Now, the so-called ‘battle of the barricade’ has ended in defeat for Sine Garvie-McInally, a Norfolk solicitor who blockaded a section of one of the county’s flagship footpaths where it passed near her home.
She prevented walkers from using the Nar Valley Way near her cottage, known as Byways in the tiny hamlet of Newton by Castle Acre, by placing 4ft wooden stakes smeared with greasy anti-climb paint across it.
The barrier, which was put up in summer 2020, led to locals applying to Norfolk County Council (NCC) for a ‘modification order’ to have the path registered as a public right of way.
But Mrs Garvie-McInally – a former NCC solicitor – objected, arguing it was on “excepted land” under the Countryside Right of Way (CROW) Act, which restricts public access to land “within 20 metres of a dwelling” to protect the homeowner’s right to privacy.

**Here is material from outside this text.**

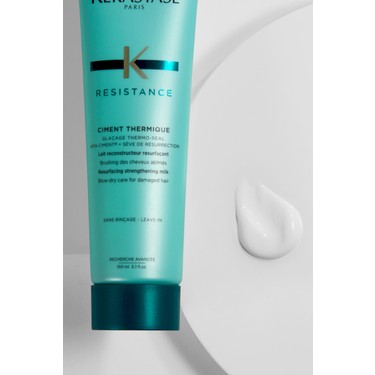 Kerastase Resistance Reconstruction Ciment Thermique Zayıf Fiyatı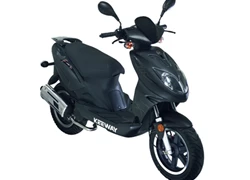 Keeway F-Act 125 Keeway F-Act 125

The row led to a two-day public hearing in November last year, which saw people living in the surrounding villages present evidence showing the path had been used for centuries as a byway that linked a road with the 33-mile walk.
The Norfolk Ramblers Association became involved and brought in an expert in rights of way – Rosalinde Emrys-Roberts – to help its claim.
Mrs Garvie-McInally attempted to put forward a legal case that proved her right to privacy outweighed the right to access.
After considering his verdict over the last three months, Paul Freer, from the government’s Planning Inspectorate, who abjudicated over the matter, has issued his decision.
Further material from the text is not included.